# YOUR GOAL:
An exact repetition of the data is required; no picture should appear in it.

# DATA BLOCK:

"""

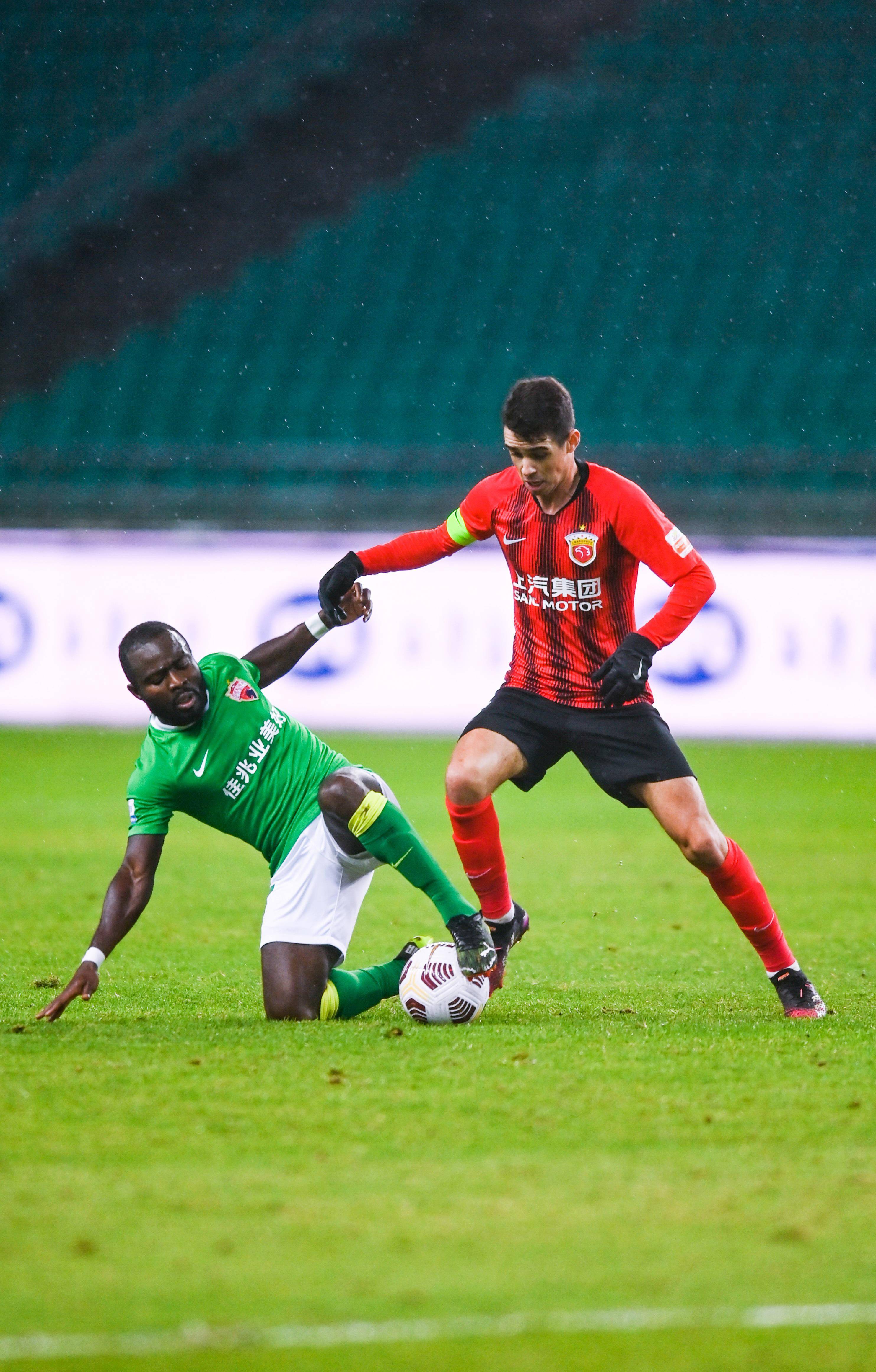 也能以顽强 也能以顽强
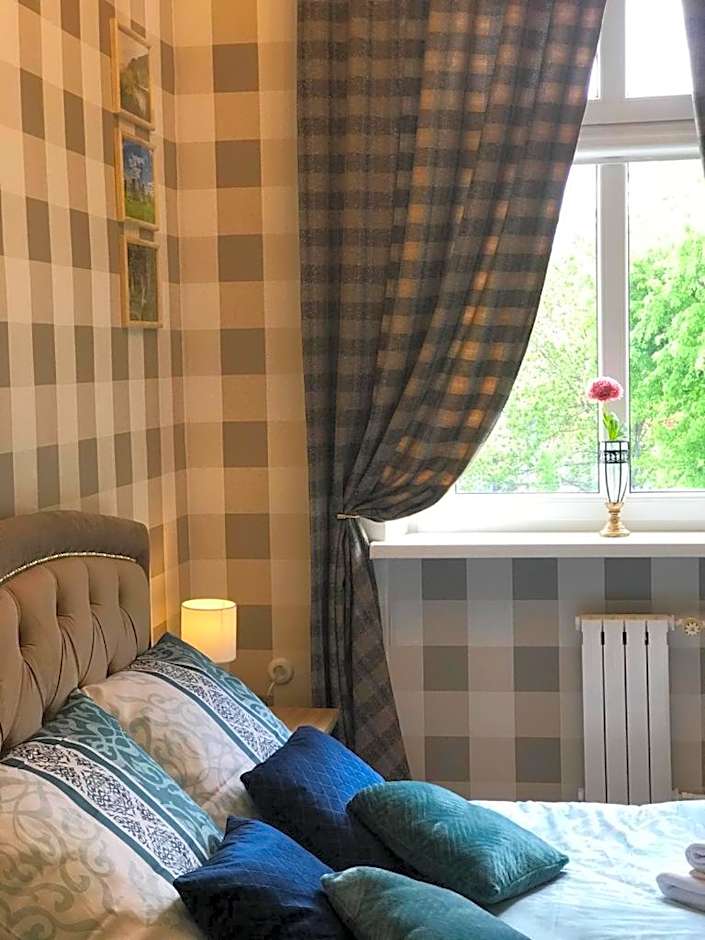 Hostel Night o'clock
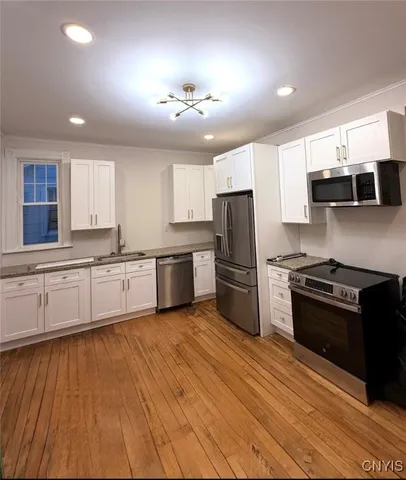 $2,400 | 46 Pearl Street, New Hartford, NY 13413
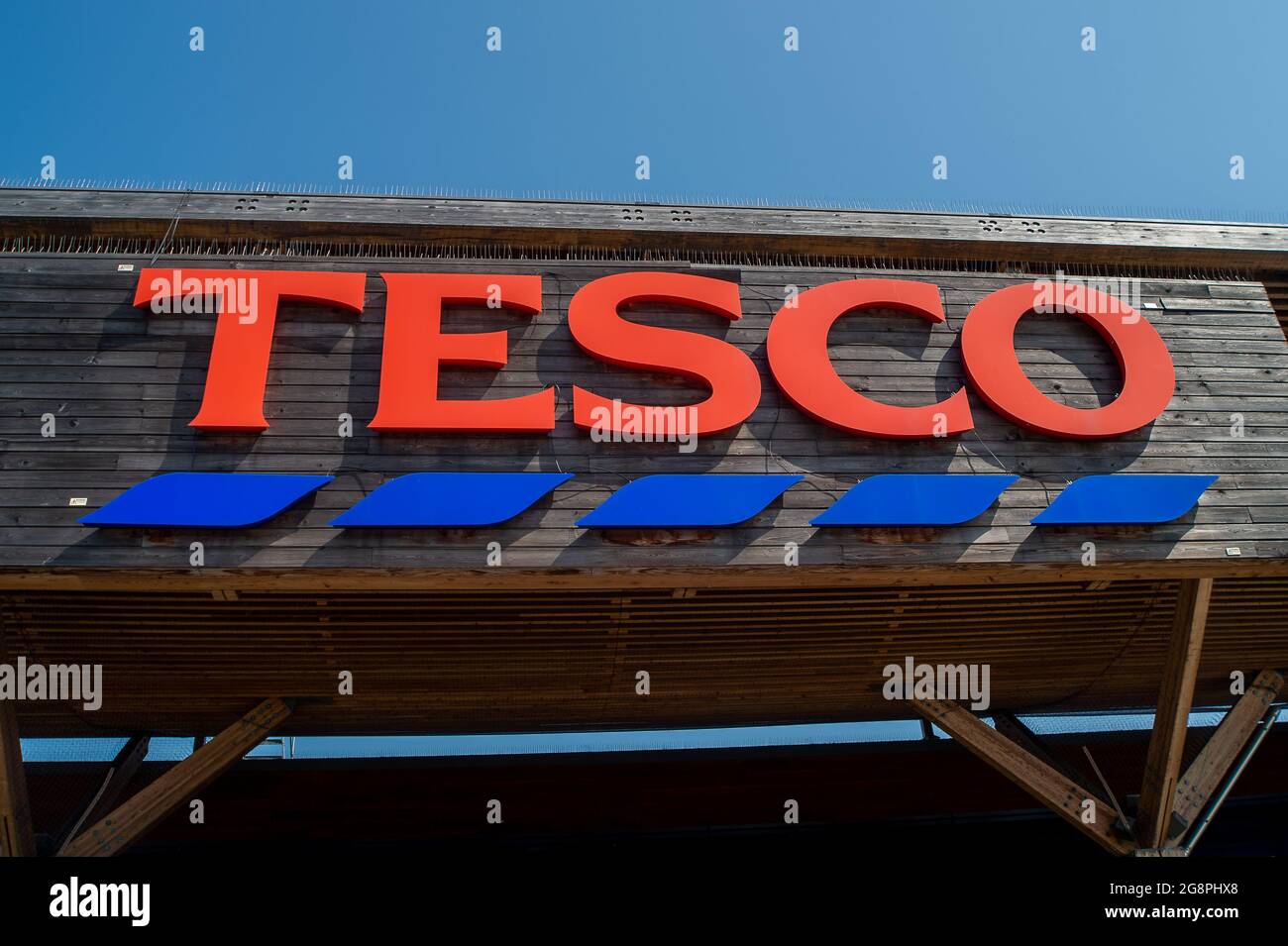 Taplow, Buckinghamshire, Regno Unito. 22 luglio 2021. La stragrande maggioranza delle persone che questa mattina andavano al supermercato Tesco indossava maschere facciali. Anche se le maschere facciali non sono più obbligatorie nei negozi a seguito di Boris Johnson che sollevano il blocco Covid-19 il lunedì, molte persone continuano a portarle come il numero di casi positivi Covid-19 spirale fuori controllo ancora una volta. Credit: Maureen McLean/Alamy Live News Foto Stock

"""

# OUTPUT:
 也能以顽强 也能以顽强
 Hostel Night o'clock
 $2,400 | 46 Pearl Street, New Hartford, NY 13413
 Taplow, Buckinghamshire, Regno Unito. 22 luglio 2021. La stragrande maggioranza delle persone che questa mattina andavano al supermercato Tesco indossava maschere facciali. Anche se le maschere facciali non sono più obbligatorie nei negozi a seguito di Boris Johnson che sollevano il blocco Covid-19 il lunedì, molte persone continuano a portarle come il numero di casi positivi Covid-19 spirale fuori controllo ancora una volta. Credit: Maureen McLean/Alamy Live News Foto Stock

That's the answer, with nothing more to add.